*WHAT IS REQUIRED*. Below are records with pictures; copy word for word only the lines between the line with "0130F00496 - ClimaTek" and the line with "KORG PA-700 RD", inclusive, and drop the pictures.

*STORED DATA*.

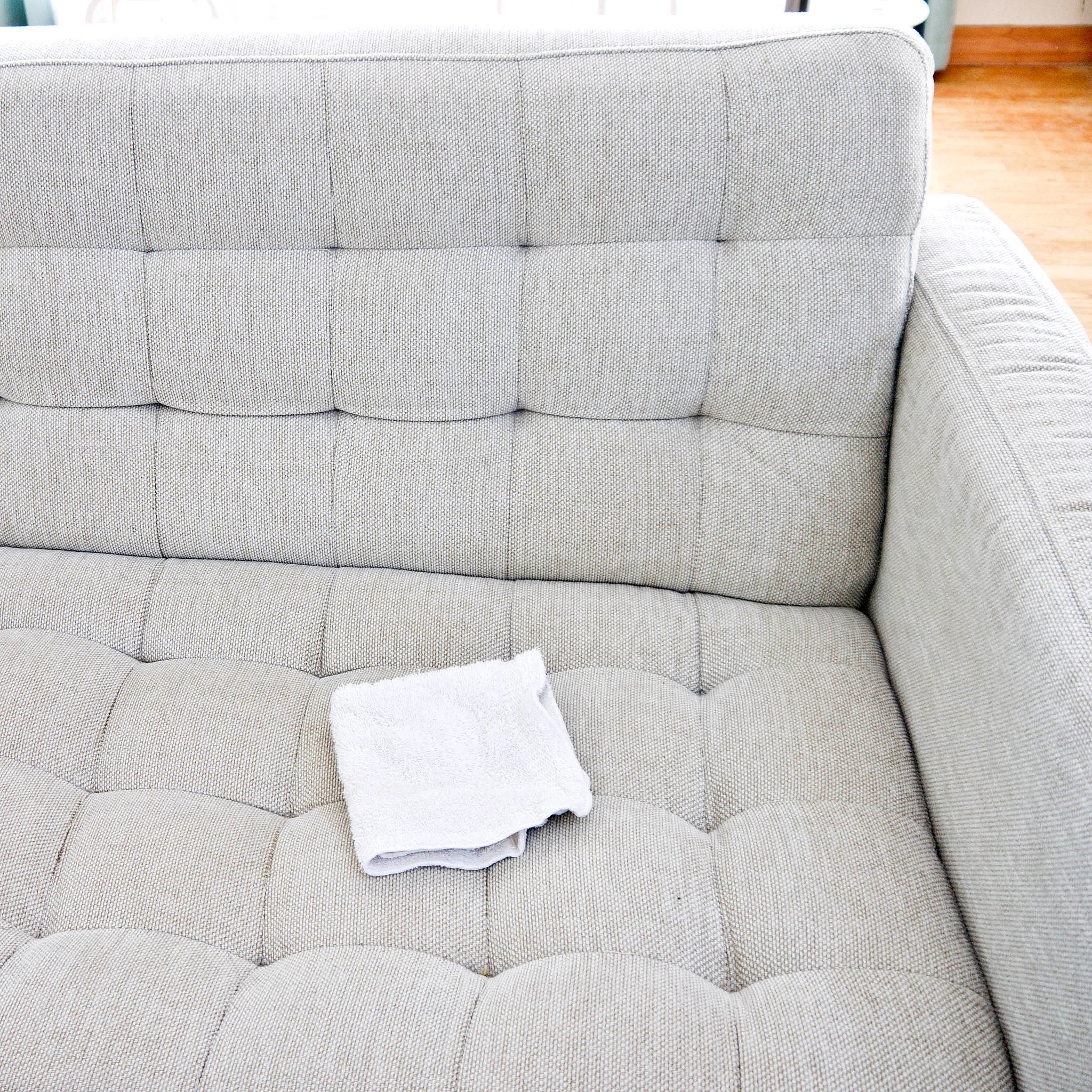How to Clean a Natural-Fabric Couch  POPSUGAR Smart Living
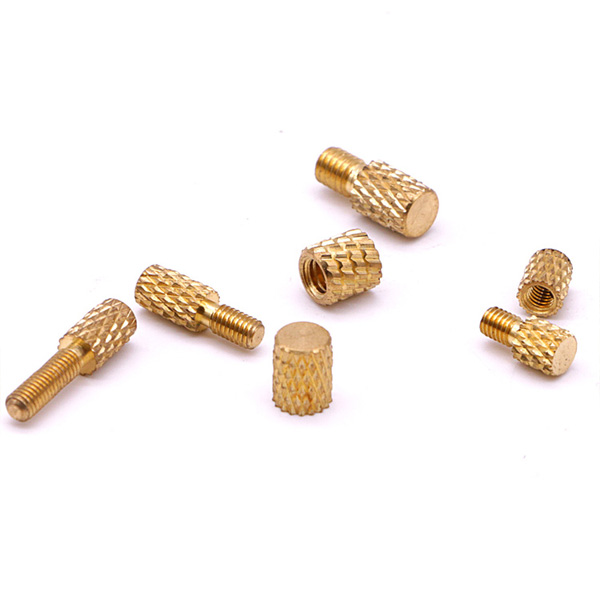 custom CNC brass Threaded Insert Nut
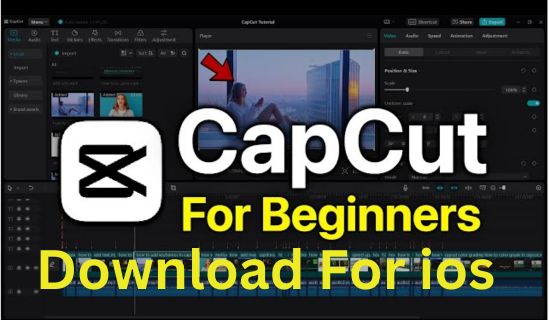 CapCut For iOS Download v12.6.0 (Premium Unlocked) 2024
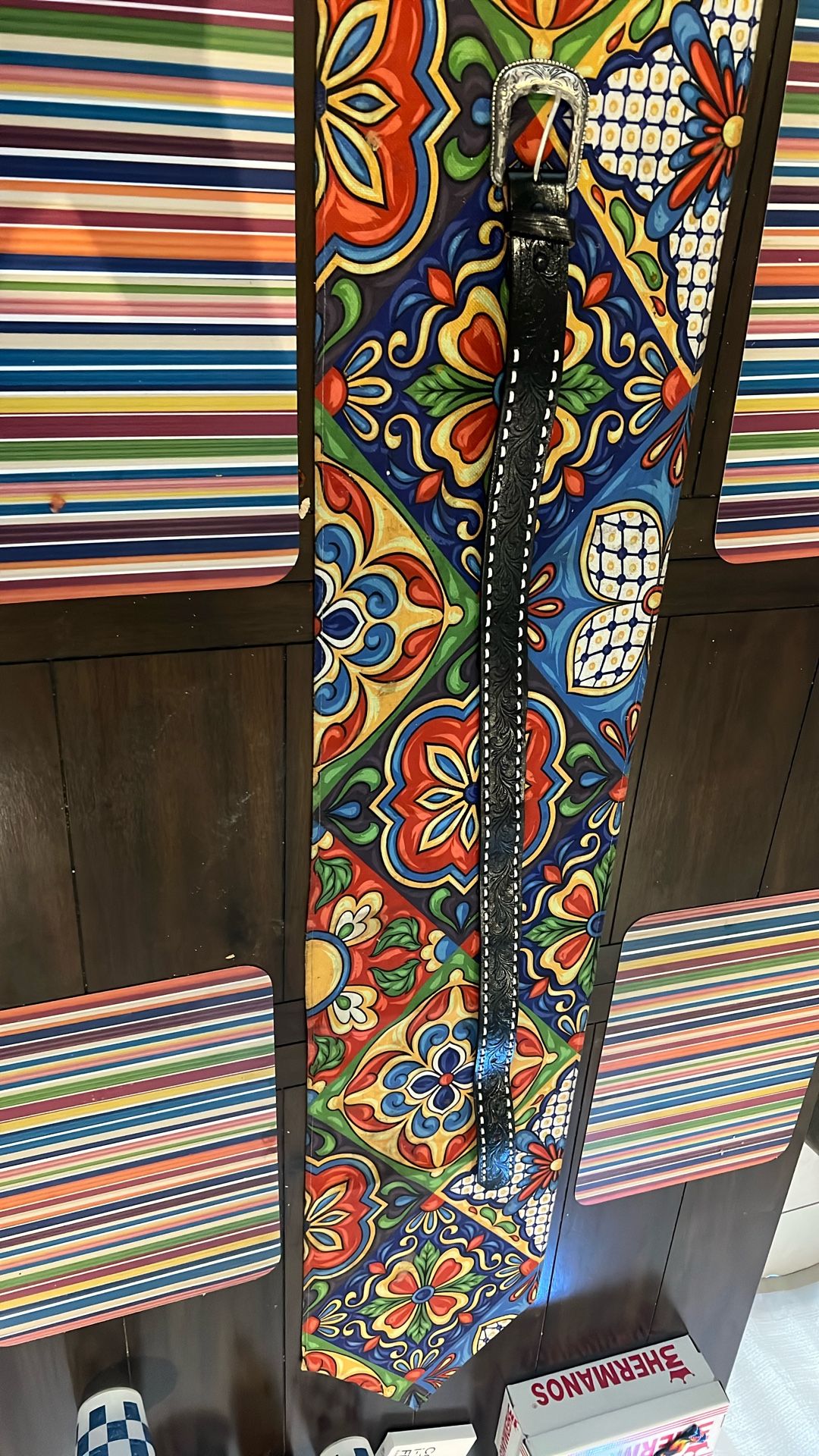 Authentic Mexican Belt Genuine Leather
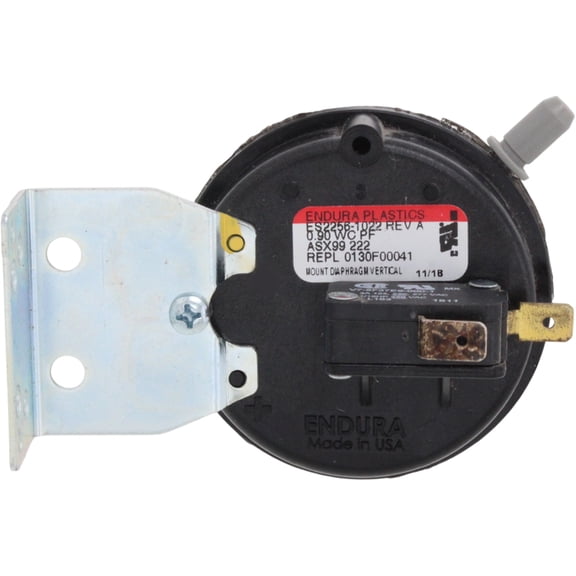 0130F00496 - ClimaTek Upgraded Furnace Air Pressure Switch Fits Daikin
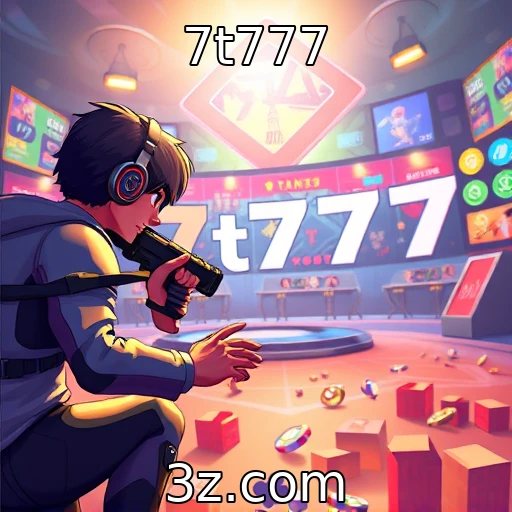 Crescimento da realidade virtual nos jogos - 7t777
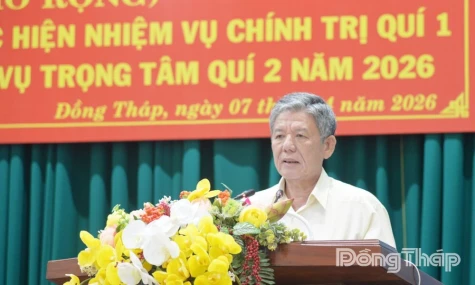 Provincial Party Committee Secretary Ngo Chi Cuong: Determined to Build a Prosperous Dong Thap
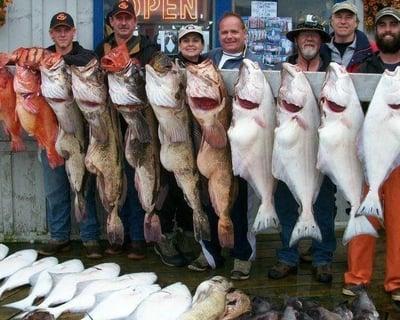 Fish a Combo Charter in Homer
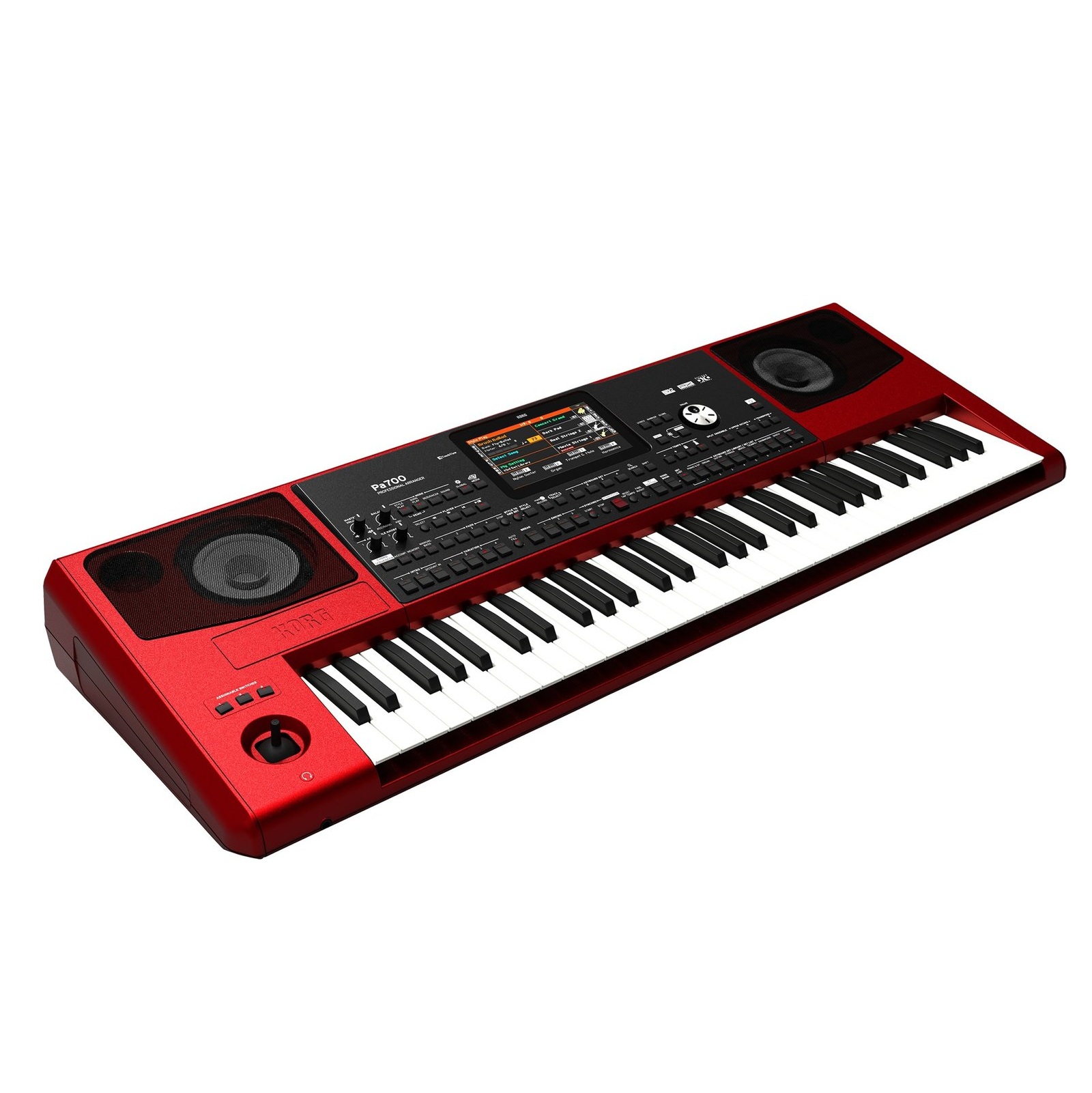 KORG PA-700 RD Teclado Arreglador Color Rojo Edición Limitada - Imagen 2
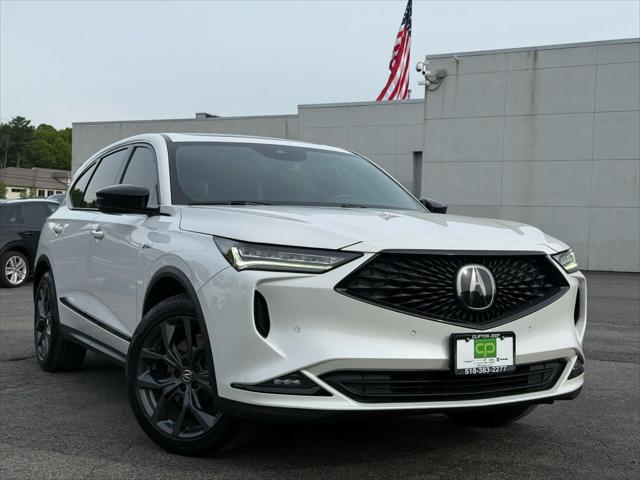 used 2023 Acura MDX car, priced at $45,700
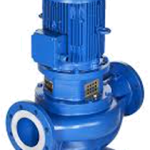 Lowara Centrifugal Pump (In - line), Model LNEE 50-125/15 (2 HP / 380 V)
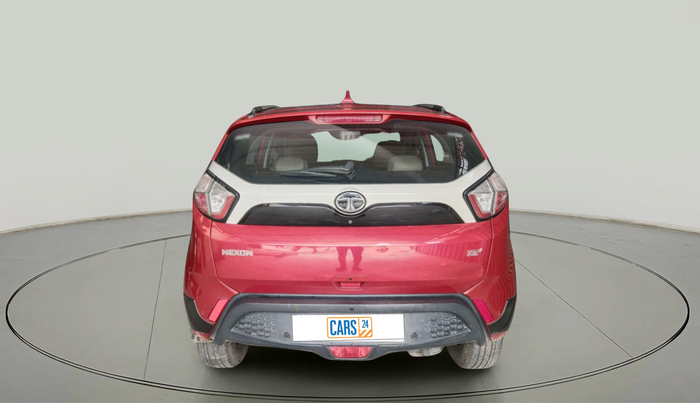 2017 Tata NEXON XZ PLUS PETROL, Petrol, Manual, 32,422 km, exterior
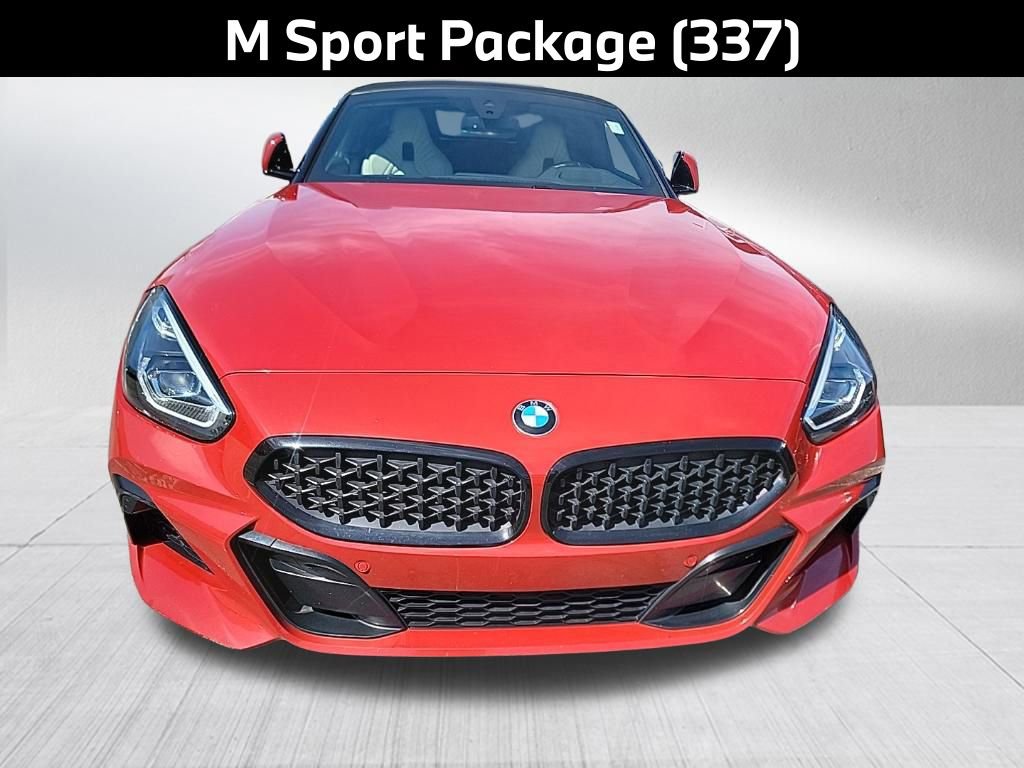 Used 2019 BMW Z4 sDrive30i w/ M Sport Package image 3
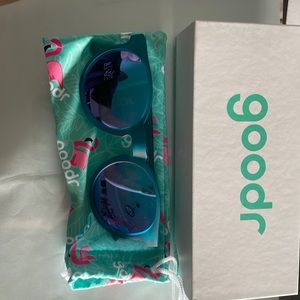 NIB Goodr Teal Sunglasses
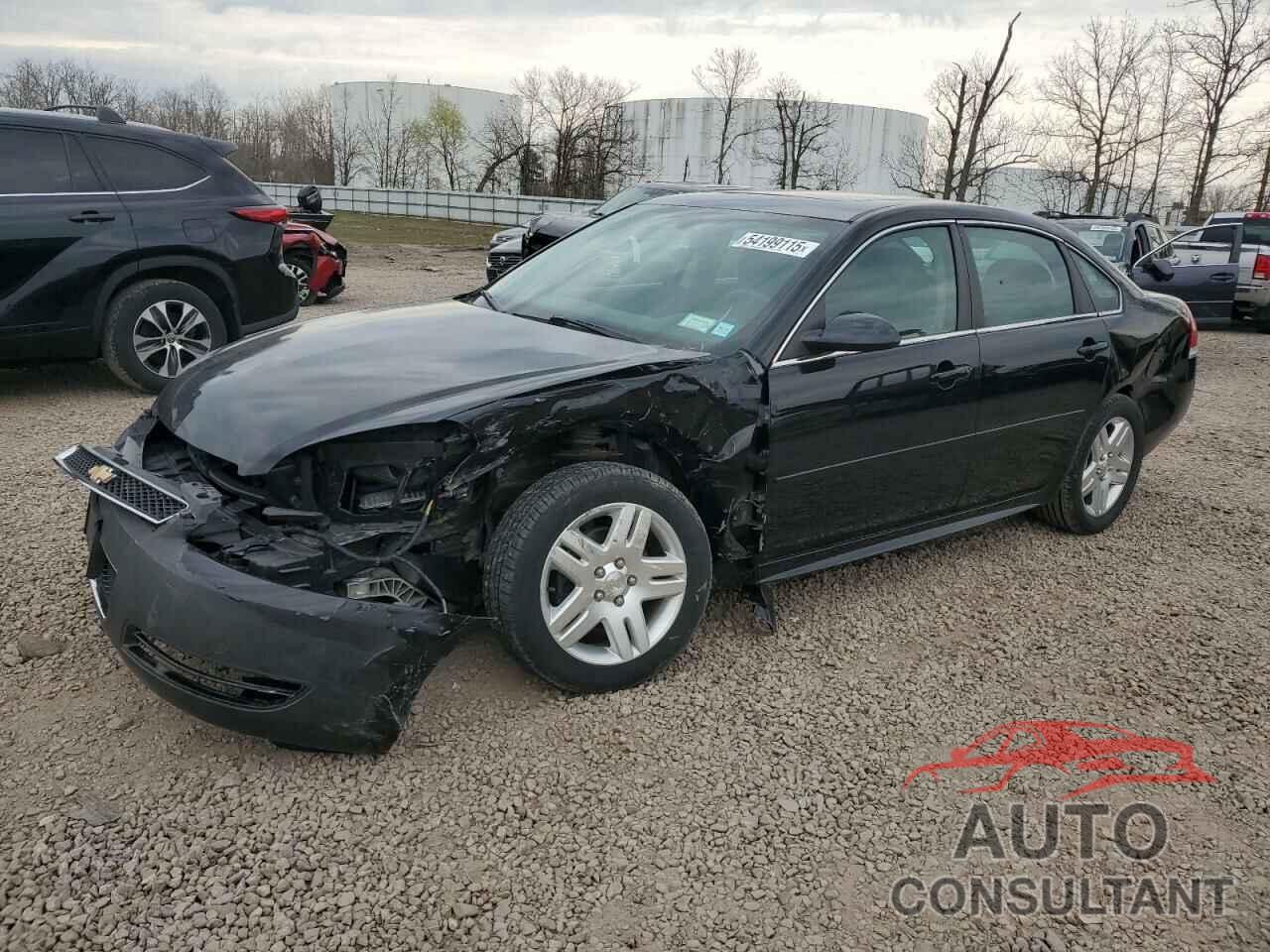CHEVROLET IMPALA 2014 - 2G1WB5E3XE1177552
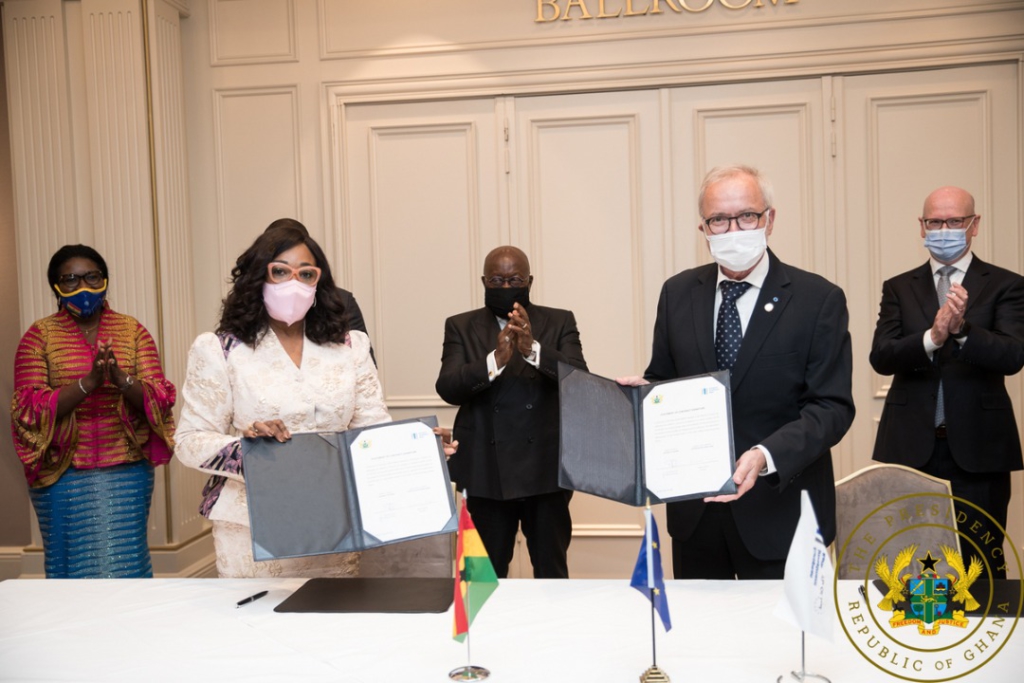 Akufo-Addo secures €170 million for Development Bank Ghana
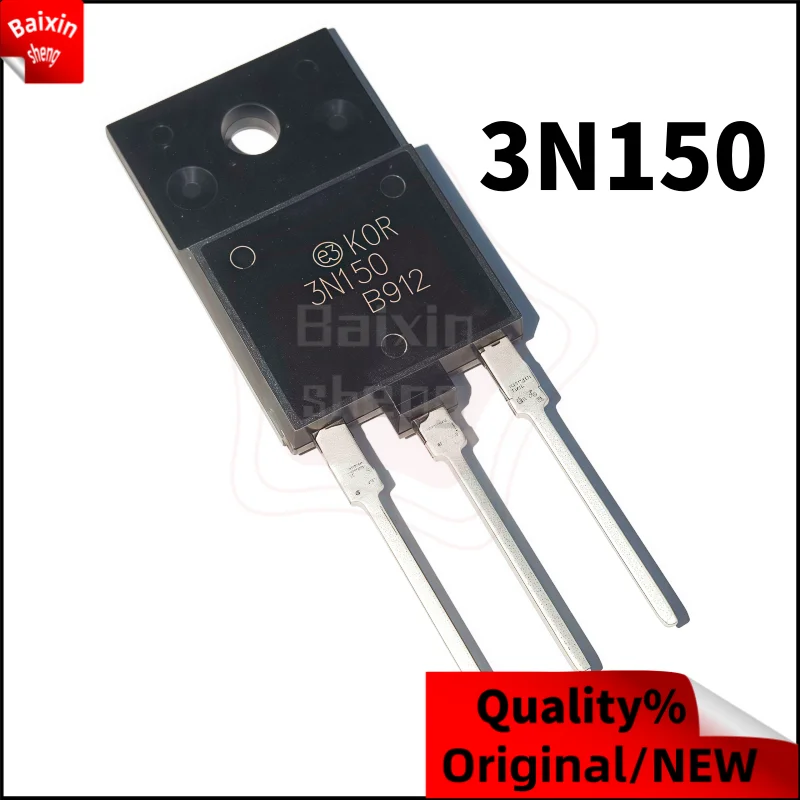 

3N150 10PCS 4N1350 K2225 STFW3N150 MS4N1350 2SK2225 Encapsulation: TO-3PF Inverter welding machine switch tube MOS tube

*EXPECTED ANSWER*.
 0130F00496 - ClimaTek Upgraded Furnace Air Pressure Switch Fits Daikin
 Crescimento da realidade virtual nos jogos - 7t777
 Provincial Party Committee Secretary Ngo Chi Cuong: Determined to Build a Prosperous Dong Thap
 Fish a Combo Charter in Homer
 KORG PA-700 RD Teclado Arreglador Color Rojo Edición Limitada - Imagen 2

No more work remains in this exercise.